Turchia, continua la detenzione di Gabriele Del Grande
Nella Turchia che si allontana sempre di più dai valori democratici tutto può accadere, persino che un giornalista italiano venga trattenuto per giorni e giorni senza che sia dato saperne i motivi: Gabriele Del Grande è solo l’ultima vittima del giro di vite che ha colpito la stampa, e in generale le libertà personali, da quando la situazione nel paese è precipitata a causa del terrorismo e del fallito golpe. Le scuse ufficiali parlano di timbri e carte non in regola che ritarderebbero l’espulsione, ma ad essere nel mirino è il lavoro di Del Grande, blogger e giornalista. Non è di certo un segreto, infatti, che la stampa nella Turchia di Erdoğan non se la passi troppo bene già da diverso tempo. E con la vittoria, seppur risicata, al referendum che ha trasformato il paese in una Repubblica presidenziale le cose non sono certo destinate a migliorare. Del Grande, che da anni si occupa di emigrazione e di morti nel Mediterraneo, si trovava in Turchia per fare il suo lavoro: raccontare la fuga della popolazione siriana verso i confini turchi.

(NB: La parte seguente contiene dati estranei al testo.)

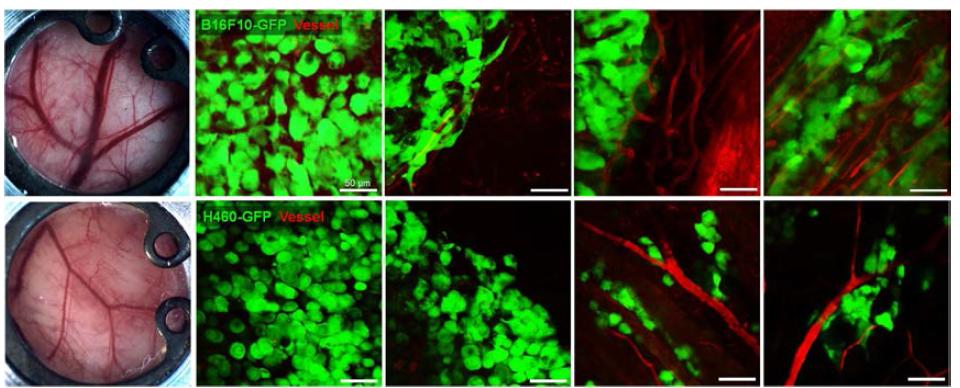 B16F10-GFP melanoma 및 H460-GFP NSCLC 종양세포의 부위별 morphology 및 혈관 주변부 정렬을 영상화한 결과.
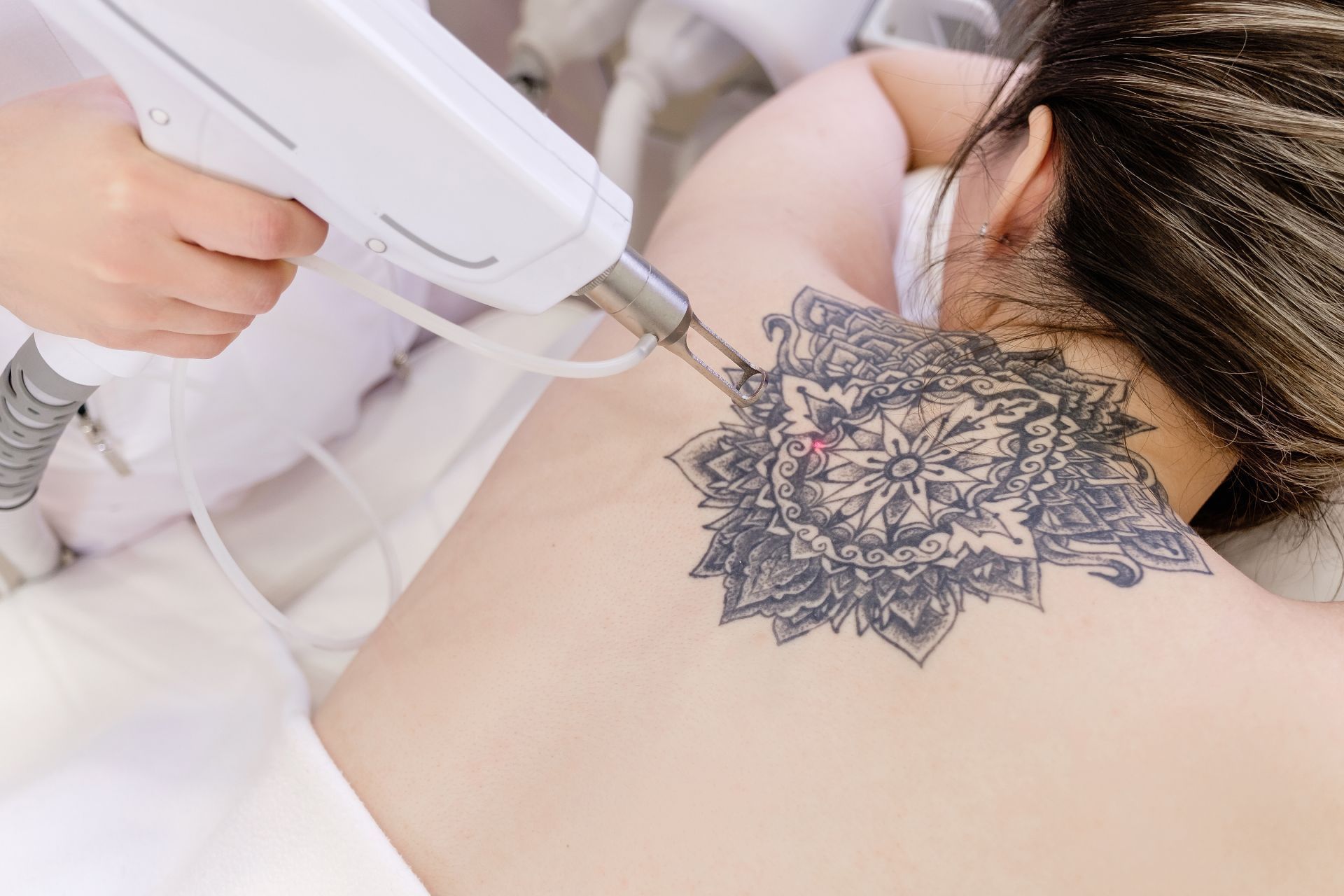 Laser tattoo removal on a person's back. A medical professional holds the device over a black tattoo on the neck.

All’avvocato d’ufficio assegnato al caso è stato negato l’accesso al dossier, mentre il giornalista 36enne continua a restare in isolamento e in sciopero della fame. La vicenda di Gabriele Del Grande fa scricchiolare non solo i buoni rapporti che da sempre legano Roma ad Ankara, ma segnala una spaccatura ben più drammatica: quella della Turchia convintasi di poter fare a meno dell’Europa, che ne rigetta i valori chiudendosi nella commistione tra religione e politica e nella nostalgia per la grandezza dell’Impero Ottomano. L’Europa, da ben prima del referendum, ha perso un alleato prezioso e strategico. Un segnale importante è venuto proprio dal voto dei turchi immigrati nel vecchio continente, determinante per la vittoria del sì; un segnale che indica un drammatico fallimento nell’integrazione. Delusi dalle promesse di entrare a far parte dell’Unione Europea, questi hanno preferito dare fiducia alle ambizioni di Erdoğan di voler fare nuovamente della Turchia una grande potenza sulla scena internazionale.
Il tutto, s’intende, a scapito delle libertà private. Dopo il fallito golpe e l’entrata in vigore dello stato di emergenza, i controlli si sono irrigiditi; anche quelli sui cronisti stranieri. Del Grande non è l’unico giornalista ad essere stato arrestato a causa della sua professione: circa 200 reporter sono detenuti nelle carceri del paese. Un giro di vite inquietante per tutti, sebbene ai giornalisti di nazionalità turca vada peggio che agli altri: ridotti al silenzio per le loro idee e senza poter contare su alcun tipo di mobilitazione internazionale. E il futuro non si prospetta migliore. La (contestata) vittoria al referendum ha assegnato più ampi poteri al presidente, incluso poter sospendere o limitare diritti civili e libertà fondamentali in situazioni di emergenza. Già in passato Erdoğan aveva usato il pugno di ferro soprattutto contro i detestati social media; ora potrà continuare a farlo grazie al 51% degli elettori turchi.